Although Otto Koenigsberger (1908-1999) began working in India eight years before the country won independence, he was not part of the British Raj’s colonial enterprise. As Government Architect of the semi-autonomous Princely Mysore State and later as Federal Director of Housing, as well as through his private architecture and planning practice, Koenigsberger worked on building the independent Indian nation from within. In this paper, the author will argue that the high profile private commissions for Tata & Sons—a privately owned and hugely influential industrial corporation committed to nationalism and philanthropy—both forwarded Koenigsberger’s career and directly contributed to building the infrastructure of independent India.

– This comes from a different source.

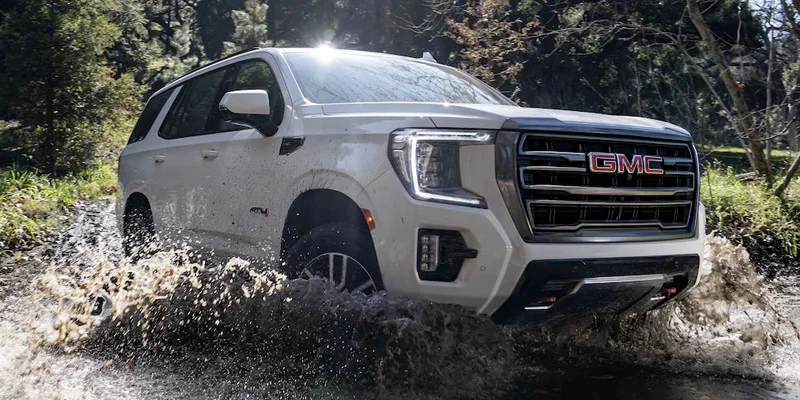 Brand new white 2023 GMC Yukon driving off road through a body of water.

As the basis for their sustained and successful collaboration, the author will demonstrate that Koenigsberger’s notion of a locally rooted, research-based “scientific architecture,” overlapped with the Tata Group’s philosophy of advancing India through science and technology. Moreover she will shed light on the networks of India’s cultural elite, illustrating that connections in the international realm of physics were responsible for the initial contact between the refugee architect and the industrial concern. While showing that his work with the Tatas enabled Koenigsberger to realise his architectural and planning goals more fully than his work as a government architect, the author proposes that the vision shared by Koenigsberger and the Tatas, and the projects they undertook, played a role in the dissolution of the British empire in India.